Meanwhile, David Leonhardt is also on bubble patrol today: apparently when people concentrate on nominal asset prices rather than real asset prices, that "helps create the conditions for a bubble".
Of the two, Shiller makes slightly more sense. When there's lots of money floating around, it's easier to spend it, as anybody who's experienced a significant rise in their checking-account balance will attest. Whether that means we're in the middle of a bubble, however, I'm not sure.
Leonhardt's argument, on the other hand, I find very hard to understand. Yes, if you look at asset prices in nominal rather than real terms, they will seem to be rising more impressively. And the people who are wowed by Dow 14,000 are in fact looking at an asset which isn't nearly as high in real terms as it might seem in nominal terms. But surely what this means is that markets aren't as frothy as they might at first seem.
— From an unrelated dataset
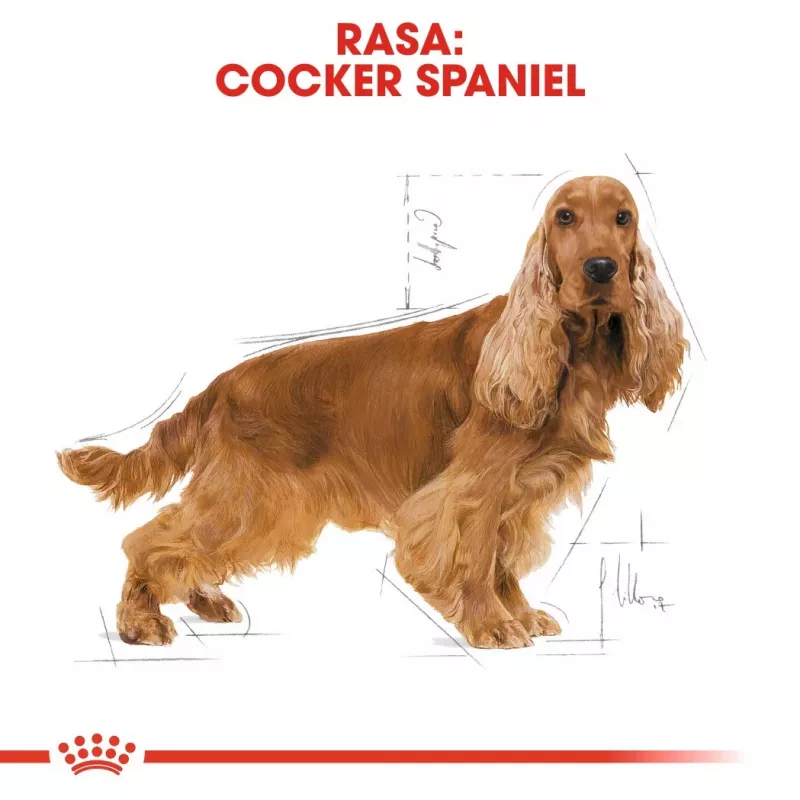Royal Canin Cocker Adult kuivtoit koertele, 12 kg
Both Shiller and Leonhardt conclude the same thing: that stocks are expensive. Which is a bit weird, considering that, relative to everything else, they certainly seem as though they're actually rather cheap.
There has certainly been much more financial-asset inflation in recent years than there has been consumer-price inflation. I'm just not convinced that means we're in a bubble.
My suspicion is that right now there's not enough demand for capital to match the supply of it. Companies don't really need to raise either equity or debt, which means that most equity and debt issuance is the result of financial engineering, and doesn't really reflect the areas of the economy which need the most investment. So a lot of money is essentially chasing its own tail, rather than being extracted from the financial system and injected into the real economy. Is that a bubble?